# Gerber Baby Puffs



## RedResilience

I've heard that Gerber baby puffs are great low calorie treats for rats so I bought some today. Sweet potato and strawberry, yum!  Would these be okay for mice and hamsters to eat?


----------



## Minky

Aren't those pretty high in sugar?


----------



## RedResilience

No the only thing they really have is potassium... I think 90 of them are 25 calories. Haha and I only give them one or two. Three or four for the rats. ^^


----------



## RexRat

If fed sparingly ( a few a week) they should be fine for hamsters and mice. 
They're a favorite with my mice!

I personally love to eat the sweet potato ones myself!


----------



## RedResilience

Awesome! I guess it's still calories for a critter that tiny. ^^'

I gave some to my (16 year old) sister and she loves the strawberry ones. >< And I mean they're only a buck fifty for a whole canister!


----------



## RexRat

I love the Gerber puffs!
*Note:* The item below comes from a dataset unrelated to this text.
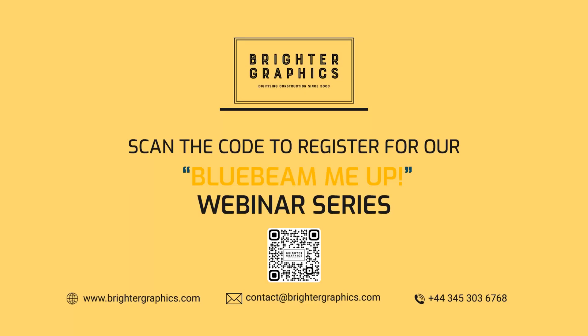If you have any questions regarding training or customization services for your company, don't hesitate to reach out to the team at Brighter Graphics or myself. And we'd be happy to help you out with that.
My favorite are banana and sweet potato/squash! I'm not sure on the name of the latter, but it's my favorite.


----------



## RedResilience

Mine seem to like the swwet potato better than the strawberry haha. XD My dwarf hammies like the strawberry ones though... hmm.


----------



## RexRat

I've gone through the banana flavored ones, I love them! Snacks that you can share with your pets are the absolute best!


----------



## RedResilience

I know right!!!!! Haha they taste like marshmallows from Lucky Charms. XD


----------